The next step is to send a request to the website and retrieve the HTML data. You can do this using the `requests.get()` method, which takes the website URL as a parameter and returns the HTML content of the website.

In [None]:
## This is a list of Los Angeles houses available for purchase
url = 'https://www.mlslistings.com/Search/Result/los-angeles/1?criteria=H4sIAAAAAAAACnWPwU7DMBBEfwXtFRttHNdpfEOFAzekph-wcbbBUuRU9ga1Qvw7CoQDB06jndHb0XxAYcrh7VQ4H3niIHFOLwN4VFuyHlD1ja1DOGtHfaWtdajbintd01Bbt3fnxrTwS3R8FfAwzeWO0sgTlz9Rd7sweAAFkikV-q7czH65gYIpFolpPArJUsDDY5D4zupHTmngfJiTZAqiXjkNMY2gIGQm4SeS9Y9B4zRWGvedQW8aX-8ejMUGd-09okdcW6jI85XDIrxO_BdxZkM-vwBP4133LQEAAKqVmB1bu5Y1yo6-ZKtZzPNRqElLF3R7PAK_NhXGODxr'
# First we can set the "headers" to a few different web browser codes 
headers = requests.utils.default_headers()
ua = "Mozilla/5.0 (Windows NT 10.0; Win64; x64) AppleWebKit/537.36 (KHTML, like Gecko) Chrome/87.0.4280.88 Safari/537.36"
headers.update({"User-Agent": ua})

response = requests.get(url, headers=headers)
# What is in response?
response

There are a number of "response codes", generally anything in the 200s is good, and anything in the 400s or 500s is bad. 

Here is the full list of codes: [https://en.wikipedia.org/wiki/List_of_HTTP_status_codes](https://en.wikipedia.org/wiki/List_of_HTTP_status_codes)

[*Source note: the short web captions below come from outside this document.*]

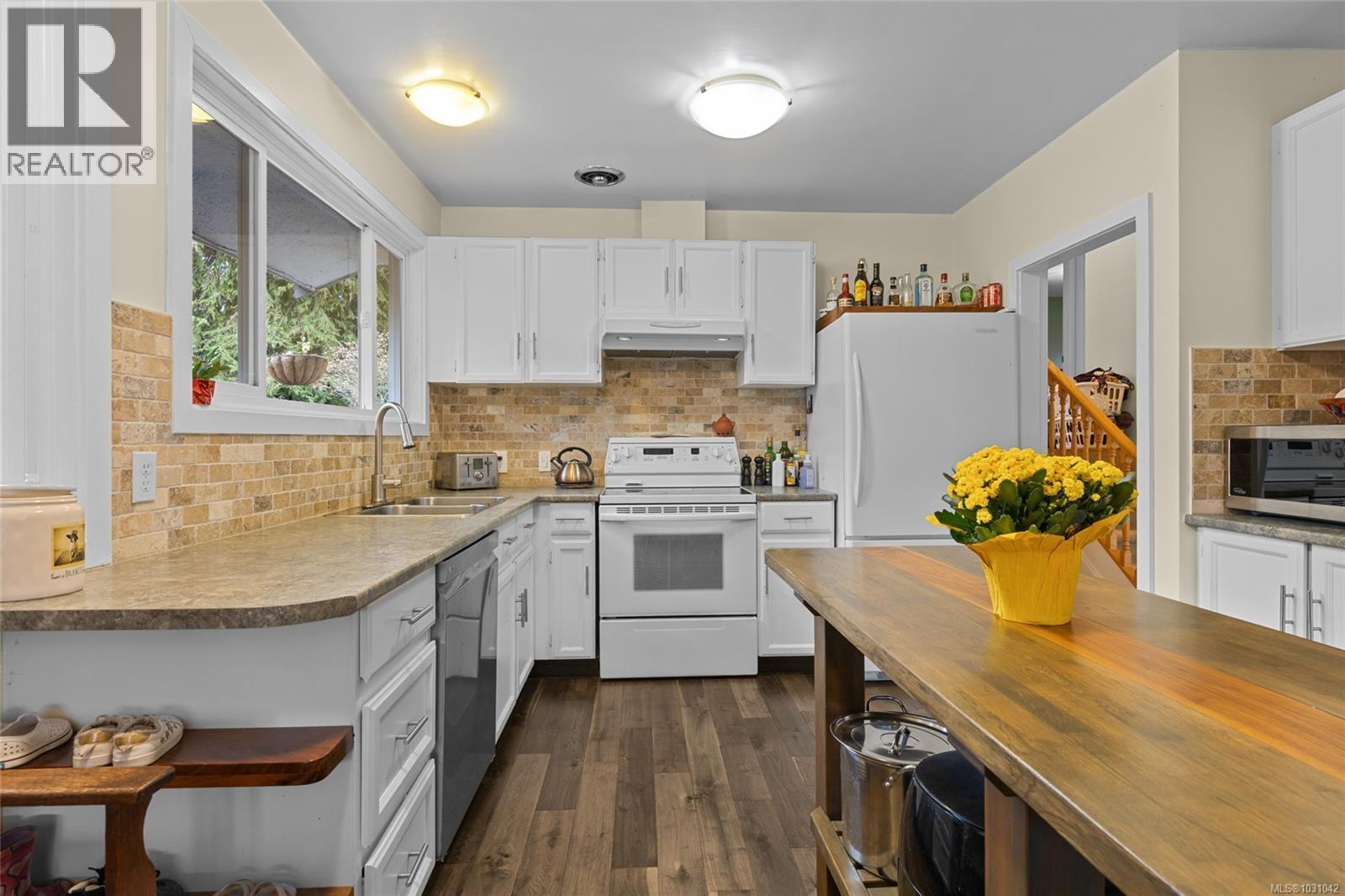  3223 Henderson Road, Oak Bay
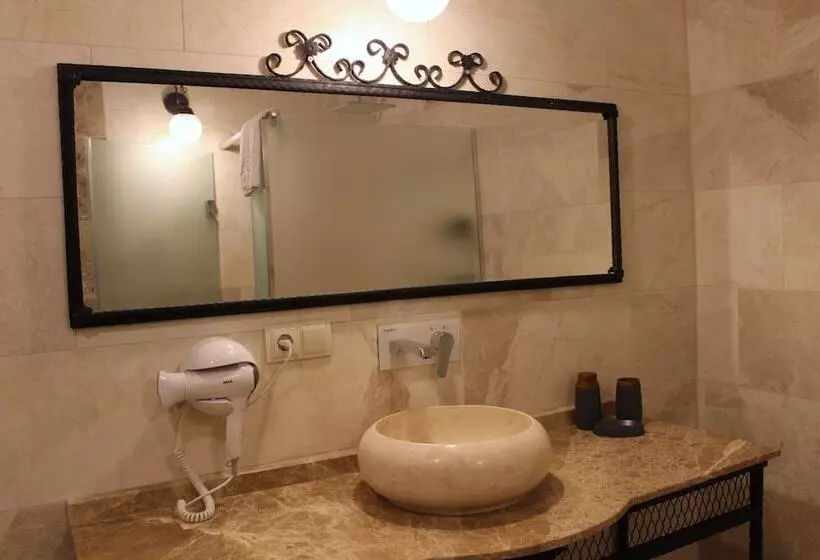 Hotelli Kayra Cave Suites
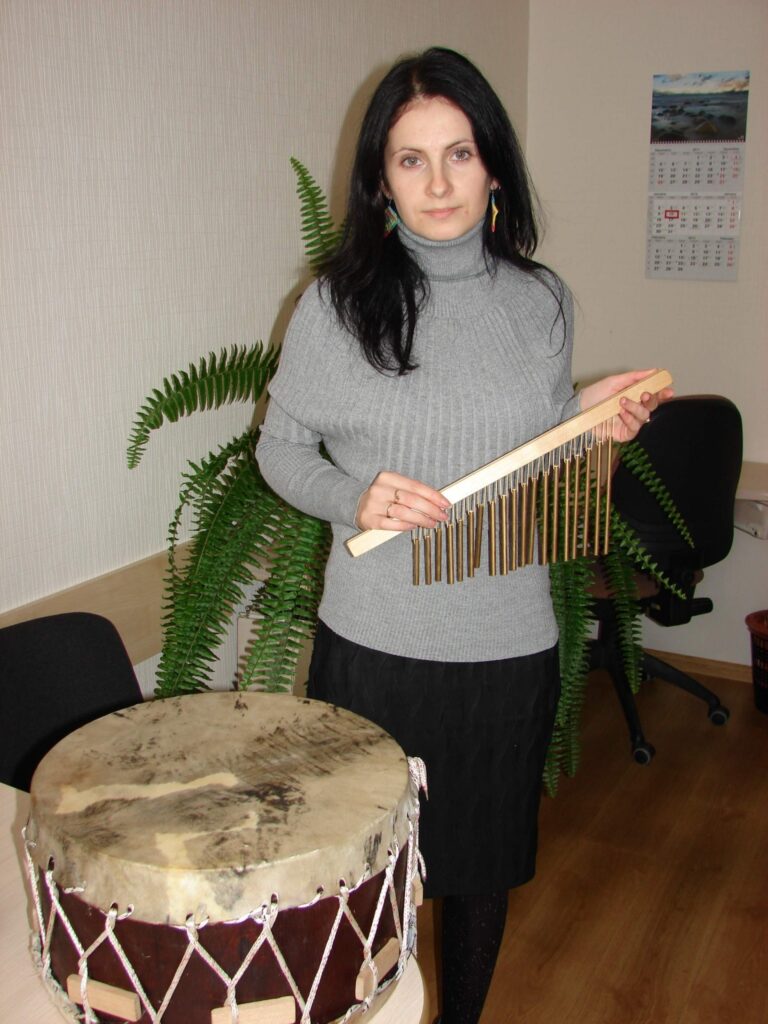 Bilskas pagasta biedrības “Vilkmuiža 2011” pārstāve Ira Punkstiņa stāsta, ka šie ir tikai divi no tautas mūzikas instrumentiem, kas speciāli izgatavoti plānotajām muzikāli attīstošajām nodarbībām pirmsskolas vecuma bērniem. 
Autors: Santa Sinka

Once we have retrieved the HTML data, the next step is to parse it using Beautiful Soup. We can do this by creating a BeautifulSoup object and passing the HTML data as a parameter.

The second parameter `'html.parser'` specifies the parser to use for parsing the HTML data. In this case, we are using the built-in HTML parser that comes with Beautiful Soup.


In [None]:
soup = BeautifulSoup(response.text, 'html.parser')

In [None]:
# What is in soup?
soup

In [None]:
prices = []
for text in soup.find_all('strong', class_= 'listing-price d-block pull-left pr-25'):
    prices.append(text.get_text(strip=True))

beds = []
for link in soup.find_all('strong', class_= 'info-item-value d-block pull-left pr-25'):
    beds.append(link.get_text(strip=True))

addresses = []
for link in soup.find_all('h5', class_= 'card-title font-weight-bold listing-address mb-25'):
    addresses.append(link.get_text(strip=True))


In [None]:
prices